Grace's Guide is the leading source of historical information on industry and manufacturing in Britain. This web publication contains 147,919 pages of information and 233,587 images on early companies, their products and the people who designed and built them.

Peter Von Tunner

From Graces Guide
Medal awarded to Peter Tunner in 1878 by the Iron and Steel Institute in London, for services to the Bessemer Process

Peter Ritter von Tunner (1809-1897)

1809 Peter Tunner was born in Deutschfeistritz (Syria).

1863 Commissioned the first Bessemer converters in Austria.

1864 Enobled as Peter Ritter von Tunner.

1897 Died in Leoben.


1897 Obituary [1]

PETER VON TUNNER died at Leoben, in Styria, on June 8, 1897. Born on May 10, 1809, at Turrach, in Styria, he was from his youth up occupied with mining and smelting. He obtained his scientific training at the Vienna Polytechnic. On the completion of his studies he worked for two years in the steelworks of Prince Schwarzenberg, where, after some practical experience in other works, he received a permanent appointment. He had thus early acquired not only a good theoretical education, but also a varied practical training, and was consequently eminently suitable for the post of Professor of Metallurgy in the new Joanneum at Graz. The Archduke John selected Tunner for this appointment, and travelled in 1833 to Katsch in order to arrange terms with him personally. The great interest the Archduke took in his protégé is shown in a letter dated September 14, 1833, which is to the following effect "After careful investigation I recommend for the appointment Peter Tunner. A native of the district, of best moral character, one of the best students of the Polytechnic. Institute, thoroughly furnished with the requisite scientific knowledge, experienced in the local treatment of iron, of good presence, he fulfils all the requirements of the post."

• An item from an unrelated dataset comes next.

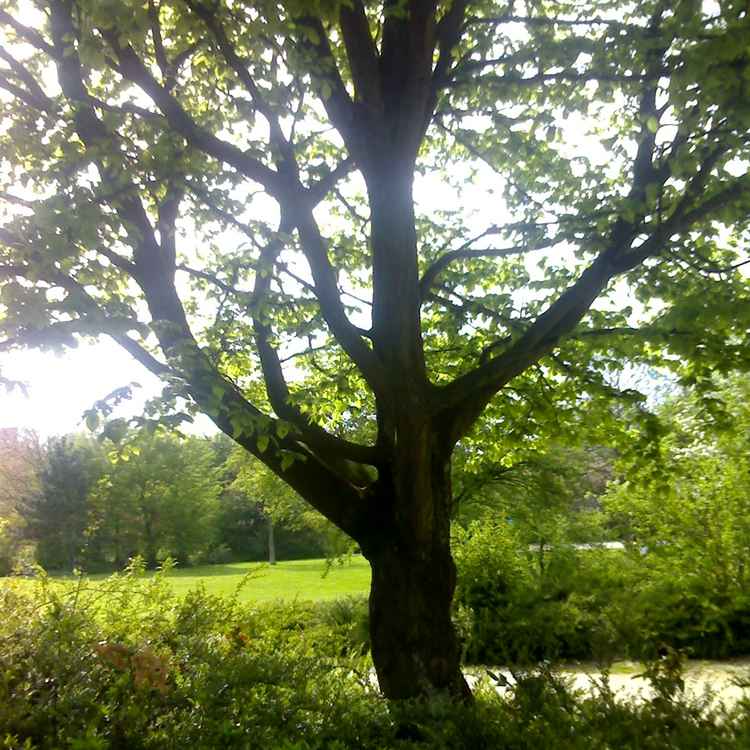 GREENtree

Two years later Tunner received the appointment as Professor. He was only twenty-six years of age when he was nominated. In March 1837 he began an educational journey through the mining and metallurgical districts of Austria, Hungary, Germany, Sweden, England, France, Belgium, and Italy.

On November 4, 1840, the new mining school at Vordernberg was inaugurated, and here Tunner instructed the students in practical metallurgical work. In 1849 the institution was moved to Leoben, and on October 14, 1861, it was converted into a mining academy. How completely Tunner's whole existence was wrapped up in this institution that he founded, whose fame extended far beyond the frontiers of the Austrian monarchy, is well shown by a remark he once made. "When," he said, "my last hour comes, I do not know whether I shall think more of my family or of my academy." The work begun in 1840 by Tunner as lecturer on the metallurgy of iron, and continued with astonishing energy for a lifetime, was the foundation of scientific metallurgy. His last course of lectures on the metallurgy of iron was delivered in 1865-66. On July 20, 1874, he retired from active work.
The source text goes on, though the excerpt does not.